In general, essays are long enough to make a point, but short enough to make for easy reading. Unlike short stories, they don't require me to suspend disbelief in order to feign concern for characters, nor am I left to make up my own denouement just for the sake of making it short. A collection of essays isn't necessarily cohesive, yet it requires its readers to consider whether it achieves some continuity.

Impossible Owls by Brian Phillips is a collection of essays on various topics. Right away, I was dismayed to find myself reading an essay based on the Iditarod because I am perpetually cold and Brian Phillips is a good writer. If you're ever hot on a summer day and need a little psychological relief from the summer oppression, pick up this book and read the first essay for its description of the setting.

The other essays were about sumo wrestling, extraterrestrial visits to Earth, Russia, tigers, television, the British royal family, and the fascinating story of Lydie Marland.

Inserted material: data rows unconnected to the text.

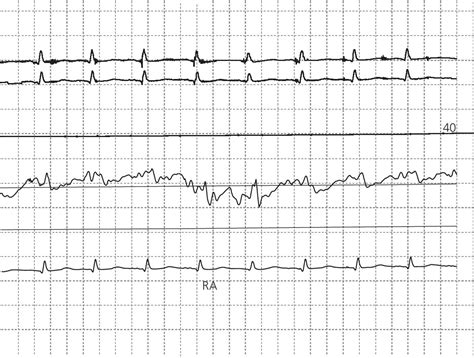 19 Cardiac Tamponade Thoracic Key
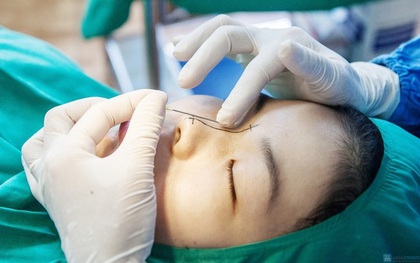 Trước khi quyết định phẫu thuật thẩm mỹ, nhất định phải đọc kỹ những điều này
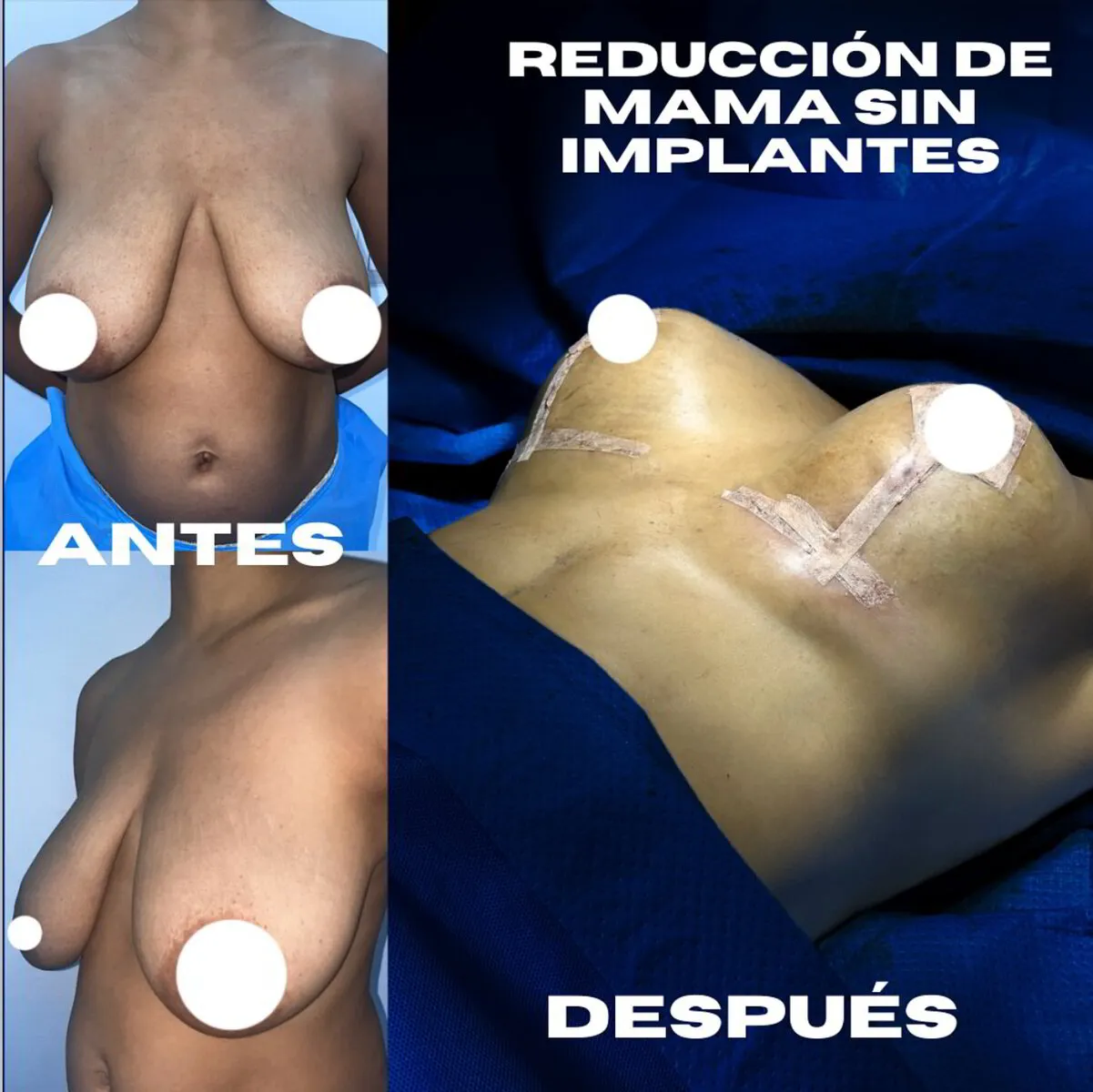 Reducción de Mama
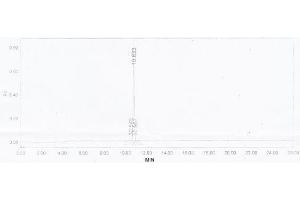 Image no. 2 for Pro-Brain Natriuretic Peptide (NT-ProBNP) (NT-ProBNP) (N-Term) peptide (Ovalbumin) (ABIN5666287) (Pro-Brain Natriuretic Peptide (NT-ProBNP) (NT-ProBNP) (N-Term) peptide (Ovalbumin))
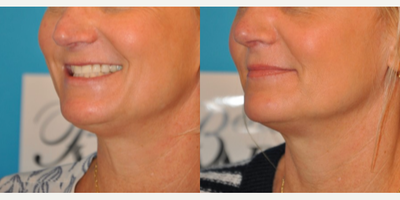 Case 3745 - Woman treated with Rhinoplasty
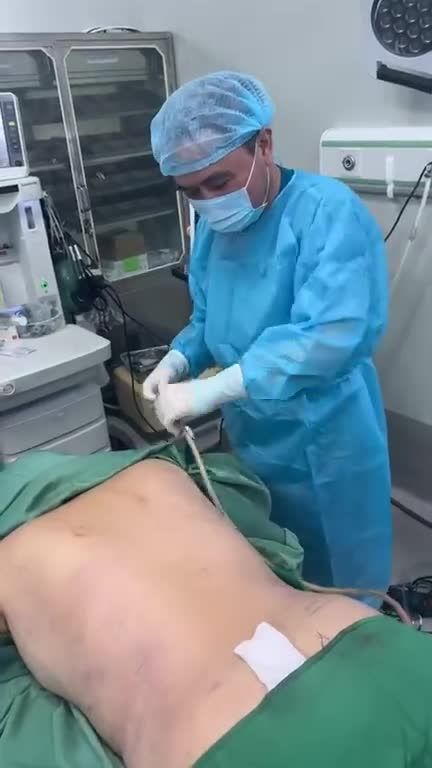 Hút mỡ lưng ko sẹo tuyệt đối !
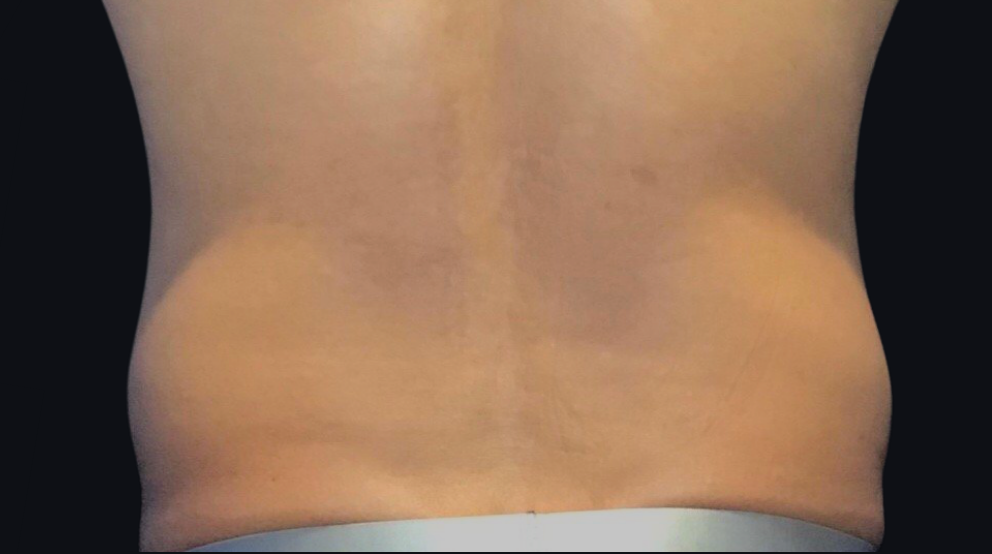 Coolsculpting® ELITE Case 15 After Image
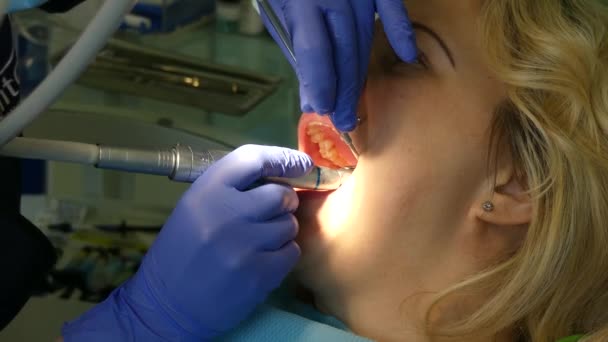 Kiev Ukraina April 2019 Flicka Receptionen Tandläkaren Tandläkare Behandlar Tänder — Stockvideo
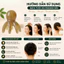 Lược Massage Da Đầu HomeMate Hình Bạch Tuộc, Lược Gội Đầu Thư Giãn Nhỏ Gọn Chăm Sóc Tóc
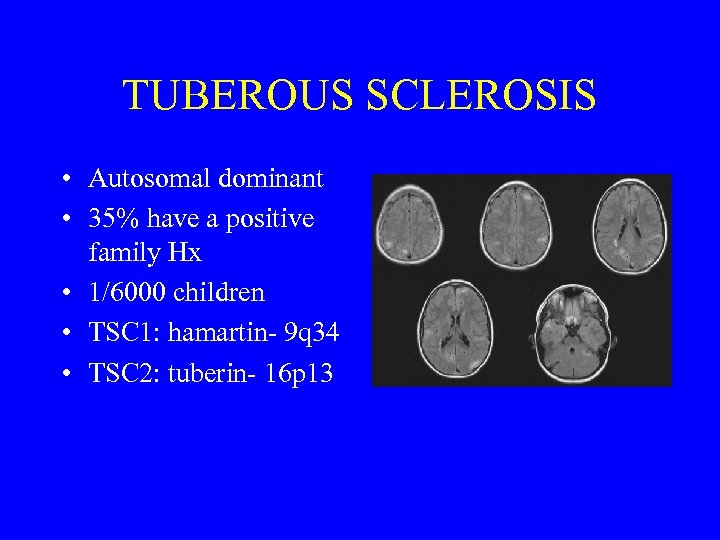 TUBEROUS SCLEROSIS • Autosomal dominant • 35% have a positive family Hx • 1/6000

Coincidentally, the chapter about Russia gave a succinct summary of The Overcoat by Gogol, which is the book and author heavily referenced in The Namesake, which I read earlier this year. I also read a book about coincidences! There were no indications ahead of time that these books were related in any way. Originally, I planned to read The Overcoat, but Mr. Phillips's synopsis made that unnecessary. In order for my reading to suggest other reading, I will likely choose a different title by Gogol in the future, possibly The Nose.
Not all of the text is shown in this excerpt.